U.S. Inflation Remains Persistent
The personal consumption expenditures price index rose as expected in May.
Core PCE inflation, which excludes volatile food and energy prices, also increased in line with forecasts.
Although the figures did not exceed expectations, they showed that underlying inflation remained well above the Federal Reserve’s annual target of 2%.
Persistent inflation may encourage the central bank to keep monetary policy restrictive.
Federal Reserve Rate Concerns Continue
Markets continued to price in the possibility that the Federal Reserve could raise interest rates at least once before the end of 2026.
The central bank adopted a hawkish tone at its latest policy meeting, reinforcing expectations that borrowing costs may remain elevated.
Higher interest rates usually place pressure on technology companies because they reduce the present value of future earnings.
Strong economic conditions could also give the Federal Reserve more flexibility to tighten monetary policy.
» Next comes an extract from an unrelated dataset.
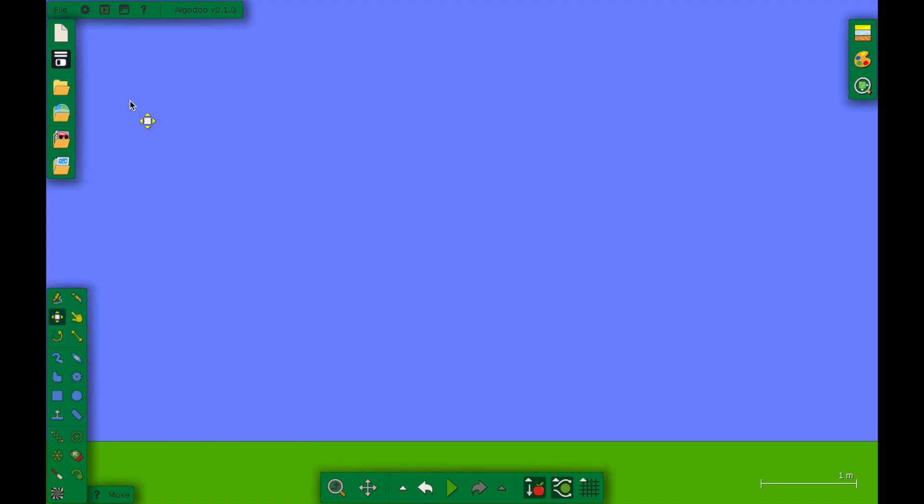Hi, I'm Ethan Kwan, and today I'm going to be telling you how to make a marble race in Algodoo.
First-quarter U.S. gross domestic product figures were revised slightly higher, indicating that the economy remained resilient despite elevated interest rates.
Tech Stocks Face an Uncertain Outlook
The near-term outlook for technology stocks may depend on OpenAI’s IPO plans, inflation data and future Federal Reserve decisions.
Investors will also monitor AI spending, semiconductor demand and rising hardware costs.
Until uncertainty surrounding valuations and interest rates declines, the Nasdaq and other technology-focused markets may remain vulnerable to further volatility.